DPS = dividend amount / no. of shares
How do you calculate Dividend Yield?
Dividend yield = DPS / share price; Or
DY = dividend amount / market value
How do you calculate the Dividend Payout Ratio?
Dividend Payout Ratio = DPS / EPS; Or
DPR = dividend amount / earnings
What is the process of a Dividend Payment?
- Announcement date
- Cum-dividend date - last day when shares are traded with dividend right
- Ex-dividend date - first day shares are traded without the dividend right
- Record date - shareholders are recorded to receive the dividend
- Payment date
What are the cash flows associated with selling shares on the Cum-Dividend Date?

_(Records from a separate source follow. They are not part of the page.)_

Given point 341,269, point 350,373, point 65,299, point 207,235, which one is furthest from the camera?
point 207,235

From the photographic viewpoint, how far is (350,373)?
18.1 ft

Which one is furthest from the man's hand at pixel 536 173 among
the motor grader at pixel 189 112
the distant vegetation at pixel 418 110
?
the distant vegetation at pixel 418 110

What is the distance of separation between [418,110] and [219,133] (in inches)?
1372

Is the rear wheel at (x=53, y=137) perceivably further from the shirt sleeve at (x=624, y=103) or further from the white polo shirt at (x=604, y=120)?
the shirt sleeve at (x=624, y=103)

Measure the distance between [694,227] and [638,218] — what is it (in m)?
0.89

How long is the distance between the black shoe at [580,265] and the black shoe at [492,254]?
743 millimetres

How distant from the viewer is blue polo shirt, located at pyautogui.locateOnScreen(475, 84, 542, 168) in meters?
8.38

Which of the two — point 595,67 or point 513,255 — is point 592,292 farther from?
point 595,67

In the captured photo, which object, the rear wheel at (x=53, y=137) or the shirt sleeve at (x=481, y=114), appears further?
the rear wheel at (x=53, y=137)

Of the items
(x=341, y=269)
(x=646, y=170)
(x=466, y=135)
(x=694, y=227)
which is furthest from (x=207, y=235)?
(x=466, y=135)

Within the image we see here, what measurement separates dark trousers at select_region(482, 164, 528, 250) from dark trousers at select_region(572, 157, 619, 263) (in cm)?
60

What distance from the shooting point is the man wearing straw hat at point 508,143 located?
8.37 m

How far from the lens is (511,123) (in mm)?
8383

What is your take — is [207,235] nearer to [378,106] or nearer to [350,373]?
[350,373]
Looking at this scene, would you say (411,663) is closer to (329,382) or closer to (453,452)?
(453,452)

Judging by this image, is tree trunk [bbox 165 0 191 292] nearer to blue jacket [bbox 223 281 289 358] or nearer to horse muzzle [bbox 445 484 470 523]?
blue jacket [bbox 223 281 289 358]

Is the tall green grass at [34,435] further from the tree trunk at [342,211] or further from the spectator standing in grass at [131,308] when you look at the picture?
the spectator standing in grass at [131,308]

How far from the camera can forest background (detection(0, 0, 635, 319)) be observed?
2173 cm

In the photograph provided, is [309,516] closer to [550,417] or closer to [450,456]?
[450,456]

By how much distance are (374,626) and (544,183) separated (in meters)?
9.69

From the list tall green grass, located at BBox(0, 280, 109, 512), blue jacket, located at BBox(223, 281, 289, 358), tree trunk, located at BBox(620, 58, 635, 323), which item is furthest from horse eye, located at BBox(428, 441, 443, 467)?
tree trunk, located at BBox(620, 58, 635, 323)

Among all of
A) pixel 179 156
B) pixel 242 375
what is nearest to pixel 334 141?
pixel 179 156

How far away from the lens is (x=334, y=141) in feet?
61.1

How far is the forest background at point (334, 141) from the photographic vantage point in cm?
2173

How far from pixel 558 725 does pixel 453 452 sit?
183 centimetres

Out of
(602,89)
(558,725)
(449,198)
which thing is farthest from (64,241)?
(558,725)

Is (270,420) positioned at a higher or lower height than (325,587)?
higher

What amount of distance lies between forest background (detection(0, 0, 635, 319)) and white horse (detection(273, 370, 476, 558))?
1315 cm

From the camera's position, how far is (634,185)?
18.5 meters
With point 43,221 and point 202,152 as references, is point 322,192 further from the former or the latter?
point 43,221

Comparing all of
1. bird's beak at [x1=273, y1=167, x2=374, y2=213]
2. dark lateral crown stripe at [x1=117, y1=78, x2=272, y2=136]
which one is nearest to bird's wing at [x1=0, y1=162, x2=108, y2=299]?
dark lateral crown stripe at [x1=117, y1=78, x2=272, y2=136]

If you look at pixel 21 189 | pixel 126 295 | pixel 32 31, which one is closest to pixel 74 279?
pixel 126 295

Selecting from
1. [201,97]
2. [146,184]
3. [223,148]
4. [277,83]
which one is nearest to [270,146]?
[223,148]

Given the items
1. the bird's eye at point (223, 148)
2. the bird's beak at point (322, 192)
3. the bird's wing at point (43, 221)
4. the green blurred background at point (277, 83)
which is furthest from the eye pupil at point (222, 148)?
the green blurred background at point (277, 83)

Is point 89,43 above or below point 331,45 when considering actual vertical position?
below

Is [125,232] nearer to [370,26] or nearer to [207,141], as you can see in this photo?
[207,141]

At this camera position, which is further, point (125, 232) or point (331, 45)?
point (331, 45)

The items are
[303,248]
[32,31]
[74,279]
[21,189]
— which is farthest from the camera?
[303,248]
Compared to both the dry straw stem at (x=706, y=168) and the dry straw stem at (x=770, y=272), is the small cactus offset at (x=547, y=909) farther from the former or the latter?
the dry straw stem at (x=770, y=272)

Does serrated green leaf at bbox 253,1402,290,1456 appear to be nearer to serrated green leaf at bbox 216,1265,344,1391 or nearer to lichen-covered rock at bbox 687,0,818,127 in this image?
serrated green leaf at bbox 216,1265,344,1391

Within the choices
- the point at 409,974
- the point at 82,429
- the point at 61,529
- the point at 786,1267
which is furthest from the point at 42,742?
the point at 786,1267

CF = Pcum - (Pcum - P)•Tcg
where Pcum = share price on cum-dividend date
P = share price when stock was bought
Tcg = tax on capital gains
What are the cash flows associated with selling shares on the Ex-Dividend Date?
CF = Pex - (Pex - P)•Tcg + Div(1-Td)
where Pex = share price on Ex-Dividend date
P = share price when stock was bought
Tcg = tax on capital gains
Td = tax on dividends
Div = dividend amount
What is the relationship between the tax rates and Dividend Drop-off on the Ex-Dividend Date?

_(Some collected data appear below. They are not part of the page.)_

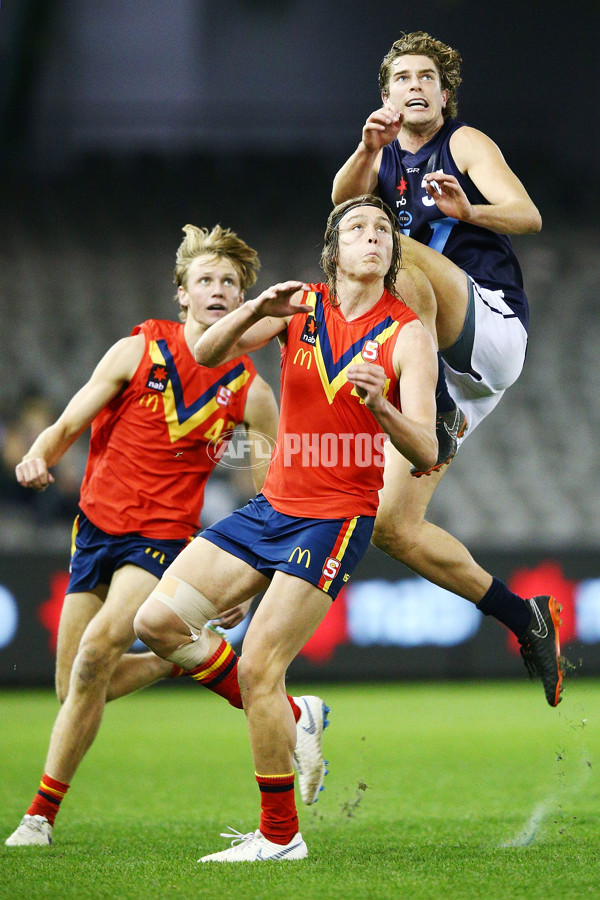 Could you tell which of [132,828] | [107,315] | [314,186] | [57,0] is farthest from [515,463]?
[132,828]

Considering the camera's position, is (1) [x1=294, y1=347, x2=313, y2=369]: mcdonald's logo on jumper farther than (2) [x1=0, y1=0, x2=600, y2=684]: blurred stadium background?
No

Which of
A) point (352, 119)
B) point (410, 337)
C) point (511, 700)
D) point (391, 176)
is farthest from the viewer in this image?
point (352, 119)

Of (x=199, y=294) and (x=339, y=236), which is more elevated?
(x=339, y=236)

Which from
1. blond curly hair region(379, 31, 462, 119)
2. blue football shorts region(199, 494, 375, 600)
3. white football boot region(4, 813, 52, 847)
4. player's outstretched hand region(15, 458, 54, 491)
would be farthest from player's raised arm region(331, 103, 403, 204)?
white football boot region(4, 813, 52, 847)

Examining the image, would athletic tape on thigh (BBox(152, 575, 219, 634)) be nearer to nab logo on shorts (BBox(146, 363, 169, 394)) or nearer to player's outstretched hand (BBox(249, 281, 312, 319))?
player's outstretched hand (BBox(249, 281, 312, 319))

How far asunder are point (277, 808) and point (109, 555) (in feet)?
4.80

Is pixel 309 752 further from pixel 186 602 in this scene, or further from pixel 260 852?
pixel 186 602

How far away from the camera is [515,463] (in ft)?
45.2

- If Td = Tcg, drop-off = dividend, therefore investors are indifferent
- If Td>Tcg, drop-off < dividend, therefore investors sell on Ex-Div day
- If Td<Tcg, drop-off > dividend,
therefore investors sell on Cum-Div day
What is M-M’s Irrelevance Theorem?
In perfect capital markets, the value of a firm is independent of its payout policy (i.e. investors who want dividends can sell their holdings and investors who don’t want dividends can reinvest them)
Why is Dividend Policy actually relevant?

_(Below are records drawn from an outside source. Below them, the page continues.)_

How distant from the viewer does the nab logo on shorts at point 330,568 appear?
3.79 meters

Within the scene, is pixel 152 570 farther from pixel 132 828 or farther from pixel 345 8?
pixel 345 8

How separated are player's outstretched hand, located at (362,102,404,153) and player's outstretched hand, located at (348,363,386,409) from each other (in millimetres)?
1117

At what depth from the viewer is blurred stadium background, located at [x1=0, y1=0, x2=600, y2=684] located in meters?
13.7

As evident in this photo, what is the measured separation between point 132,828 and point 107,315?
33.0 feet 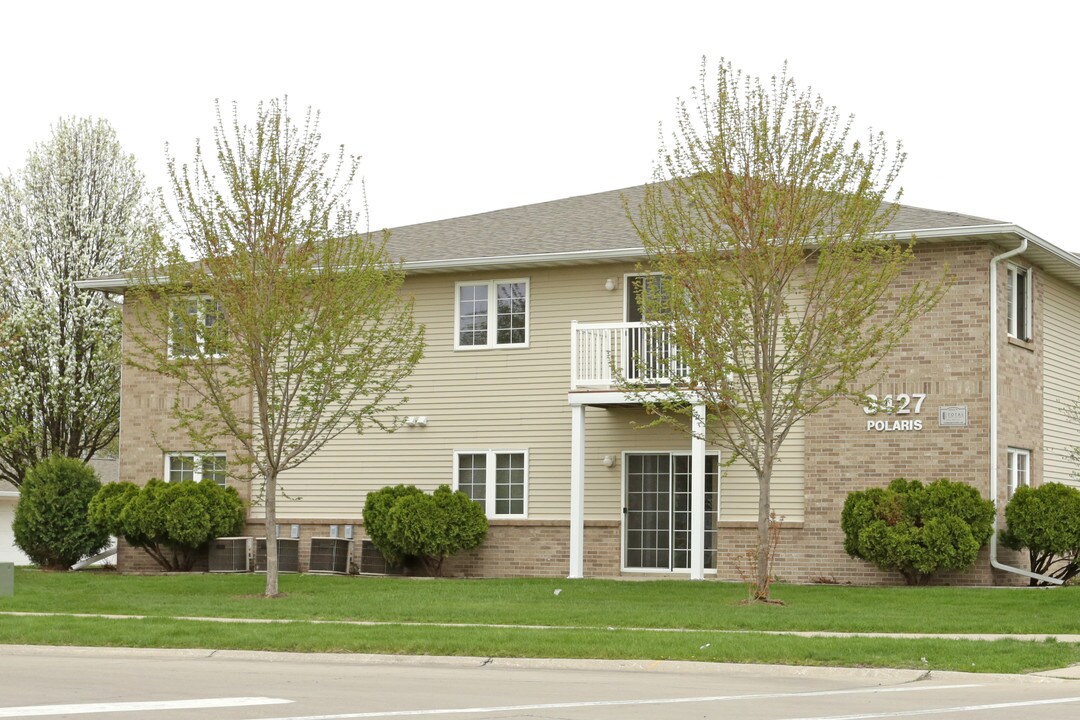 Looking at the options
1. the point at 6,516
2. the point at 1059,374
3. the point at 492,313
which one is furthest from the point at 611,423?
the point at 6,516

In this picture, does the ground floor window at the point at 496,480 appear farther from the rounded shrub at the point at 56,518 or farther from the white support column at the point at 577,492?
the rounded shrub at the point at 56,518

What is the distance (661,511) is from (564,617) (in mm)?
7981

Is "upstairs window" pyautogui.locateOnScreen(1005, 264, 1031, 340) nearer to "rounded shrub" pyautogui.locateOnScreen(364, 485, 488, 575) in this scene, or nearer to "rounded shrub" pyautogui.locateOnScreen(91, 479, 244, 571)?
"rounded shrub" pyautogui.locateOnScreen(364, 485, 488, 575)

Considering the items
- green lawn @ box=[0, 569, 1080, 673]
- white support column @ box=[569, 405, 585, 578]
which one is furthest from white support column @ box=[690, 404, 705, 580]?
white support column @ box=[569, 405, 585, 578]

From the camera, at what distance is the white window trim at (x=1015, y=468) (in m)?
24.1

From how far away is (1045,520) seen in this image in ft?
73.9

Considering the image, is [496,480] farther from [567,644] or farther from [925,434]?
[567,644]

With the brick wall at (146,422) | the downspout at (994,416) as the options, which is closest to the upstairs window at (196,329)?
the brick wall at (146,422)

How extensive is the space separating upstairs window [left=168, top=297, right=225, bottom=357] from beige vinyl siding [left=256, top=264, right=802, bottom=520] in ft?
19.7

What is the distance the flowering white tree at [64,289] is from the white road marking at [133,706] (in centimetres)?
2642

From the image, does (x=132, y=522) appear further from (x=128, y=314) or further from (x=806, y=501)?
(x=806, y=501)

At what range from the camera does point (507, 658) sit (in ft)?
45.9

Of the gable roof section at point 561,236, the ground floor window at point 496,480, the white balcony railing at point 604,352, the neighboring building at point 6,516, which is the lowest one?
the neighboring building at point 6,516

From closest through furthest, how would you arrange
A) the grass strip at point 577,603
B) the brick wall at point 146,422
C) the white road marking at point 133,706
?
1. the white road marking at point 133,706
2. the grass strip at point 577,603
3. the brick wall at point 146,422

- Capital gains are less certain than dividends
- Higher dividends require more IPOs and hence higher costs
- Information asymmetry - paying dividends implies good cash flow
- Agency costs - high payout implies efficient management
- Taxes between dividends and capital gains differ
How do you calculate the Net Return of a dividend in a Classical Tax System?
- Company Level: Dividend payment = (Taxable income - Company Tax)•Dividend Payout Ratio
- Investor Level: Net Return = Dividend payment - Personal Tax
How do you calculate the Net Return of a dividend in an Imputation Tax System?
- Company level: Dividend payment = (Taxable income - Company Tax)•Dividend Payout Ratio
- Investor level: Net Return = Taxable Income•Dividend Payout Ratio - Personal Tax
What are the capital gains tax benefits of holding stocks for over one year?
Maximum an individual’s capital gains tax can be is 50% of their personal marginal tax rate (i.e. if Tp = 30% maximum Tcg = 15%)
What will shareholders prefer to receive if their personal marginal tax rate is greater than the capital gains tax?
Shareholders receive tax returns on dividends but pay tax on capital gains, therefore they will prefer dividends.